- **WHAT TO WORK ON**
Starting with the line that holds "Drawer(ドゥロワー)のBLAMINK コットンクルーネック 刺繍", reproduce each line through the last one of the data, exactly as written. Pictures are not copied.

*** Opening SUPPLIED RECORDS ***

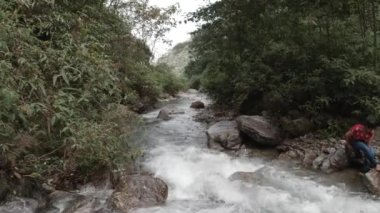 Hindistan 'ın Batı Bengal bölgesindeki Darjeeling bölgesindeki Senchal vahşi yaşam sığınağında gizli bir şelale..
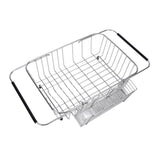Kitchen Sink Dish Rack with Chopsticks Holder Stainless Steel Expandable Dish Drying Draining Basket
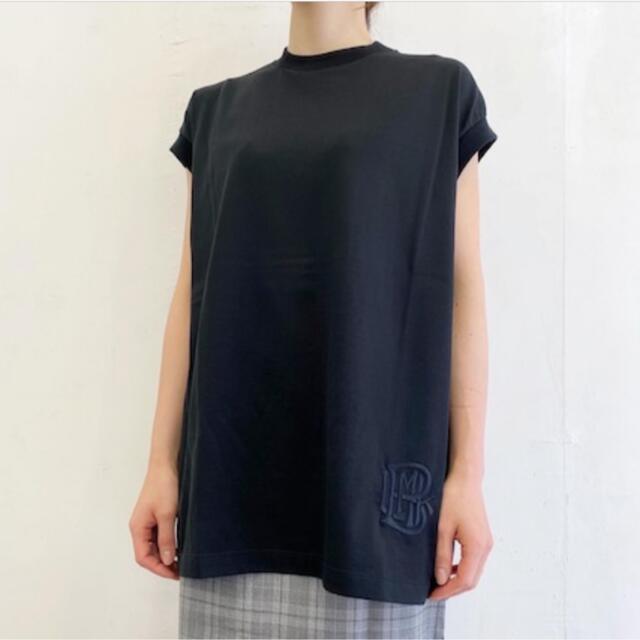 Drawer(ドゥロワー)のBLAMINK コットンクルーネック 刺繍 ノースリーブTシャツ レディースのトップス(Tシャツ(半袖/袖なし))の商品写真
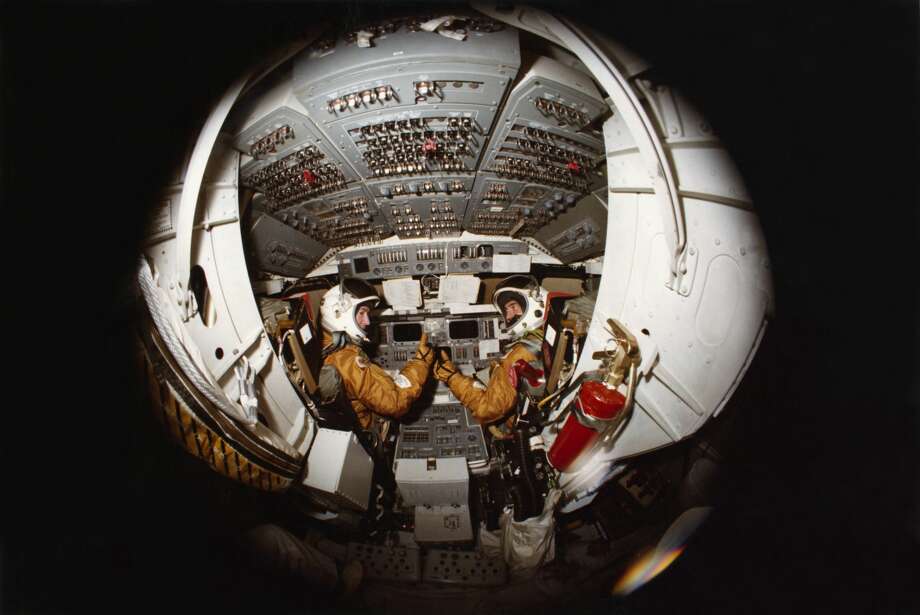 NASA astronauts John Watts Young (left) and Robert Laurel Crippen, the crew of the STS-1 mission on the space shuttle 'Columbia' (NASA Orbiter Vehicle OV-102), give a thumbs up from the cockpit of the shuttle at the Kennedy Space Center on Merritt Island, Florida, 20th October 1980. Photo: Space Frontiers/Getty Images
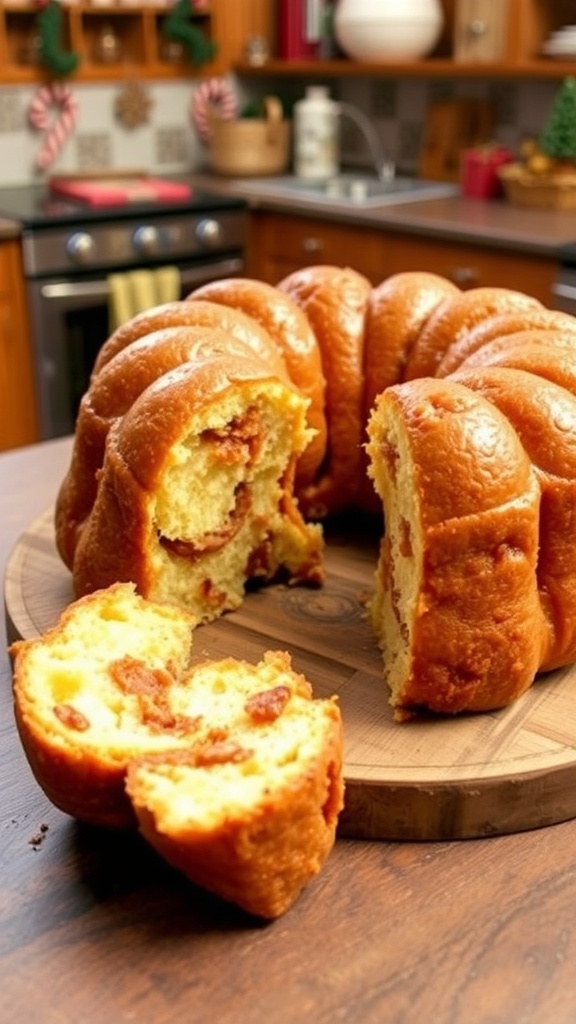 A delicious keto monkey bread with golden-brown pieces, coated in cinnamon and sweetener, on a wooden table.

*** Closing SUPPLIED RECORDS ***

- **EXERCISE OUTPUT**
 Drawer(ドゥロワー)のBLAMINK コットンクルーネック 刺繍 ノースリーブTシャツ レディースのトップス(Tシャツ(半袖/袖なし))の商品写真
 NASA astronauts John Watts Young (left) and Robert Laurel Crippen, the crew of the STS-1 mission on the space shuttle 'Columbia' (NASA Orbiter Vehicle OV-102), give a thumbs up from the cockpit of the shuttle at the Kennedy Space Center on Merritt Island, Florida, 20th October 1980. Photo: Space Frontiers/Getty Images
 A delicious keto monkey bread with golden-brown pieces, coated in cinnamon and sweetener, on a wooden table.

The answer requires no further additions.